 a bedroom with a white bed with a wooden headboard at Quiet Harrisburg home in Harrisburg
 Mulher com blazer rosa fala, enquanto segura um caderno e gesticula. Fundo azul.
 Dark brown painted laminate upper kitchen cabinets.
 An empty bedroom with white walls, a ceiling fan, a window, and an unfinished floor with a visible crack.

---

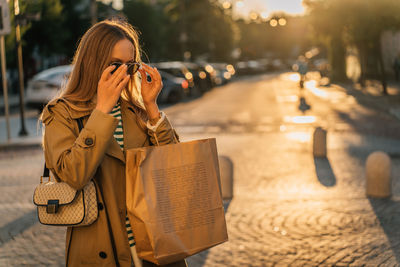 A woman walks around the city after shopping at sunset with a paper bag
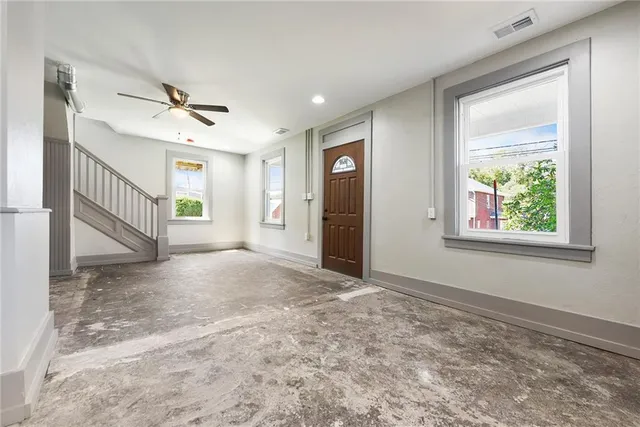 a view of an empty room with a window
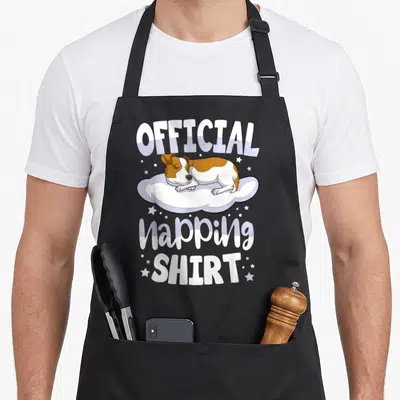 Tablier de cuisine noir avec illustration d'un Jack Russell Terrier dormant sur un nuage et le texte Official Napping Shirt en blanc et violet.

Exercise objective:
Reproduce only the lines above spanning from the line containing "Mulher com blazer" through the line containing "An empty bedroom", word for word.

Written response:
 Mulher com blazer rosa fala, enquanto segura um caderno e gesticula. Fundo azul.
 Dark brown painted laminate upper kitchen cabinets.
 An empty bedroom with white walls, a ceiling fan, a window, and an unfinished floor with a visible crack.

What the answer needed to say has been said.